GPT Vision and DSPY towards smarter automation

Recently, I was presented with an intriguing challenge by a client. They were using a tablet-based point of sale (POS) system to sell memberships. The process involved a salesperson entering the buyer’s information and then having the buyer provide their signature after verifying all the details. However, once the contract was generated, it frequently failed validation because the details entered by the sales rep didn’t match the buyer’s license. This discrepancy wasted a significant amount of time and effort.

While investigating this issue, I discovered that the app was already capturing and storing an image of the buyer’s driver’s license. This sparked an idea: why not use Optical Character Recognition (OCR) to convert the driver’s license image into text and pre-fill the form? However, just using OCR wasn’t enough; the extracted information needed to be structured properly in JSON format. It became clear that I needed a Large Language Model (LLM) to achieve this. Eventually, I implemented a solution using Google Vision AI combined with GPT-4o, and it performed quite well.
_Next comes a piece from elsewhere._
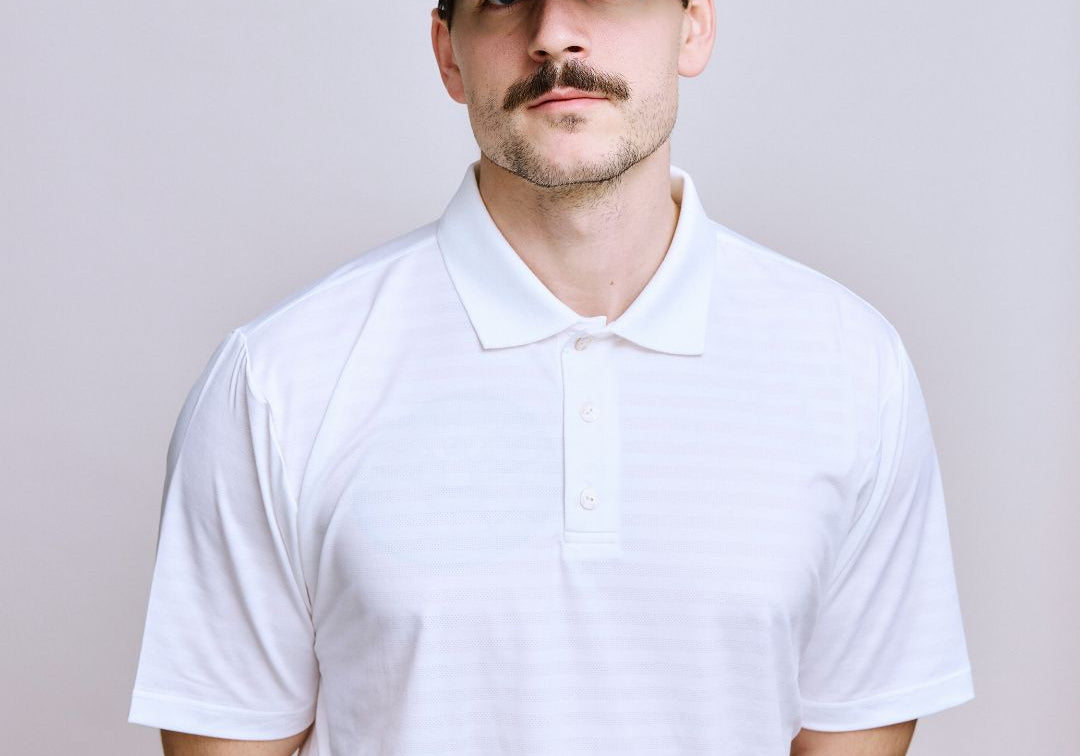 LocalRule_TechPolo_White_2024_halvkropp.jpg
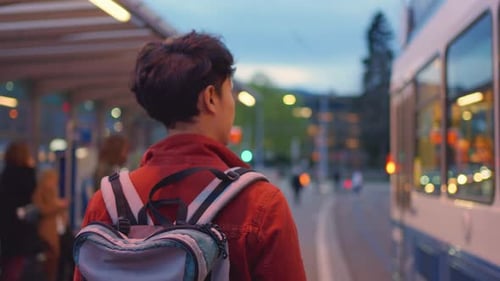 Jovem asiático, viajante mochileiro, viaja e dá uma olhada na cidade.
Although the initial solution was effective, I knew it could be improved further. That’s when I turned to DSPY, a framework designed to program (not just prompt) language models. I decided to fully integrate GPT Vision with DSPY, allowing me to read the image and receive structured JSON with a single API call. Since DSPY didn’t have a built-in abstract LM class to support GPT Vision, I had to do some digging online and on GitHub. Here’s what I found:

import requests
import base64
import re
from dsp import LM

def encode_image(image_path):
    with open(image_path, "rb") as image_file:
        return base64.b64encode(image_file.read()).decode('utf-8')

"""
GPTVision is a class that extends the LM class from dsp.py
"""
class GPTVision(LM):

    def __init__(self, model, api_key):
        super().__init__("gpt-4o")
        self.model = model
        self.api_key = api_key
        self.provider = "openai"

        self.history = []
        self.base_url = "https://api.openai.com/v1/chat/completions"

    def basic_request(self, prompt, **kwargs):
        pattern = r'^Image Path: .*'
        matches = re.findall(pattern, prompt, re.MULTILINE)
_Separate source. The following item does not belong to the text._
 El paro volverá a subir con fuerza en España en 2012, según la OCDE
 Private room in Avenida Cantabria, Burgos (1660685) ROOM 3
        image_path = matches[1].replace("Image Path: ", "")
        for match in matches:
            prompt = prompt.replace(f"\n{match}\n", "")

        headers = {
            "Content-Type": "application/json",
            "Authorization": f"Bearer {self.api_key}"
        }
        base64_image = encode_image(image_path)

        data = {
            **kwargs,
            "model": "gpt-4o",
            "messages": [
                {
                    "role": "user",
                    "content": [
                        {
                            "type": "text",
                            "text": prompt
                        },
                        {
                            "type": "image_url",
                            "image_url": {
                                "url": f"data:image/jpeg;base64,{base64_image}"
                            }
                        }
                    ]
                }
            ],
            "max_tokens": 1024
        }
        response = requests.post(self.base_url, headers=headers, json=data)
        response = response.json()

        self.history.append({
            "prompt": prompt,
            "response": response,
            "kwargs": kwargs
        })

        return response
        

    def __call__(self, prompt, only_completed=True, return_sorted=False, **kwargs):
        responses = self.basic_request(prompt, **kwargs)
        print(responses)
        completions = [choice["message"]["content"] for choice in responses["choices"]]

        return completions

The above implementation worked beautifully, especially when combined with my signature:

import dspy

class VqaCoT(dspy.Signature):
    """Extract the following demographic fields from the US driver license image and return them in JSON format. If a field is not found, return an empty string for that field. The fields to extract are:

                - Full Name (ignore titles or job descriptions such as 'Motorist')
                - First Name (If it contains a middle name such as Lori Lee or Yasir N, just pick up the first name and ignore the middle name)
                - Last Name (Its always at the very beginning right next to 1 usually)
                - Middle Name (If no middle name is present, return an empty string)
                - Date of Birth
                - Gender
                - Address (including street, city, state, and zip code. Sometimes the demographics have numbers against them, like the address might have something like 8 145 Street. We need to make sure we dont pick up the serial numbers)
                - License Number (Its always at the top and the first field that looks like a license number such 4965454 or R-140-428-730-065. The title is sometimes LIC NO or ID)
                - Issue Date
                - Expiration Date"""

    image_path = dspy.InputField(desc="Base64 format of the image")
    
    demographics = dspy.OutputField(desc="""{
                    "Full Name": "",
                    "First Name": "",
                    "Last Name": "",
                    "Middle Name": "",
                    "Date of Birth": "",
                    "Gender": "",
                    "Address": {{
                        "Street": "",
                        "City": "",
                        "State": "",
                        "Zip Code": ""
                    }},
                    "License Number": "",
                    "Issue Date": "",
                    "Expiration Date": ""
                }}""")
    

So far, I am quite satisfied with this implementation. I’m not sure what I’ll add next, but I’m excited about the possibilities!